Before we proceed further, some attributions are in order: Kent Dybvig's PhD thesis is pretty much the reference for much of this post.

The last time we spoke about the interpreter per se, we had just converted an expression_t struct into a native pLisp object (OBJECT_PTR). We are now ready to do further things with this pLisp object:
  1. Compile it
  2. Interpret it
(who could have seen that coming?)

The compiler converts a pLisp source form into a simplified Lisp form that is understood by the VM/interpreter. The following are the constructs in the simplified Lisp:

HALTHalts the virtual machine
REFERLoads a variable reference
CONSTANTLoads a constant
CLOSECreates a closure
MACROCreates a macro
TESTImplements IF/ELSE
ASSIGNStores a value in a variable
DEFINECreates a variable binding in the top level
CONTICreates a continuation
NUATEExecutes a continuation by replacing the current stack with that of the continuation
FRAMEStores the register contents in a new frame and pushes the frame on to the call stack
ARGUMENTAdds the results of the last evaluation to the value rib
APPLYClosure/Macro/Continuation application
RETURNPops a frame, restores registers
BACKQUOTEProcesses a backquote (can't be done by the compiler because we need to do some compiling at run time; see below) 

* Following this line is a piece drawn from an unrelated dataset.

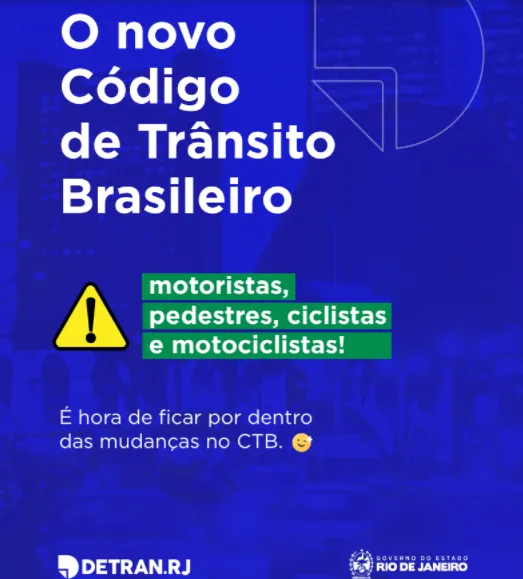 Imagem ilustrativa da imagem Detran-RJ lança e-book com as principais mudanças no Código de Trânsito Brasileiro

These constructs are predicated on the existence of the following, for want of a better term, ISA elements:

//register that stores the 
//results of the last computation
OBJECT_PTR reg_accumulator;

//the next expression to be 
//evaluated by the VM
OBJECT_PTR reg_next_expression;

//the environment in which the
//current expression is to be evaluated
OBJECT_PTR reg_current_env;

//holds the arguments evaluated
//till now (for closure applications)
OBJECT_PTR reg_current_value_rib;

//the call stack
OBJECT_PTR reg_current_stack;

The VM interprets the form pointed to by reg_next_expression, by suitably manipulating the registers, and sets the next expression to be evaluated, thereby perpetuating the computation, till it runs out of expressions to evaluate.

The astute reader will observe that all these elements are first-class pLisp objects. This is imperative especially for the current stack, since continuations encapsulate the call stack (although, to be fair, there are ways to reify the stack using native mechanisms and still end up with a first-class continuation object).

The call stack itself is a CONS object made up of frames, themselves pLisp arrays containing the next expression, environment, and the current value rib.

The working of the compiler is somewhat peculiar; the simplified Lisp that it produces from a pLisp source form is something like a Russian-doll-within-doll toy. An example will make this clear:

The source form

(define x 10)

gets compiled into

(CONSTANT 10 (DEFINE X (HALT)))

i.e., we have three 'instructions' to be interpreted by the VM (CONSTANT, DEFINE and HALT), and the first instruction contains the second, the second contains the third, and so on. Looks a bit disconcerting at first, but it works.

The compiler and interpreter work pretty independently of each other, except when it comes to macros and EVAL. If the compiler detects that it's dealing with a macro, it sets things up so that a call is made to the interpreter, and receives the results of the interpreting for compilation. The interpreter enlists the help of the compiler to process BACKQUOTE, COMMA, COMMA-AT and EVAL.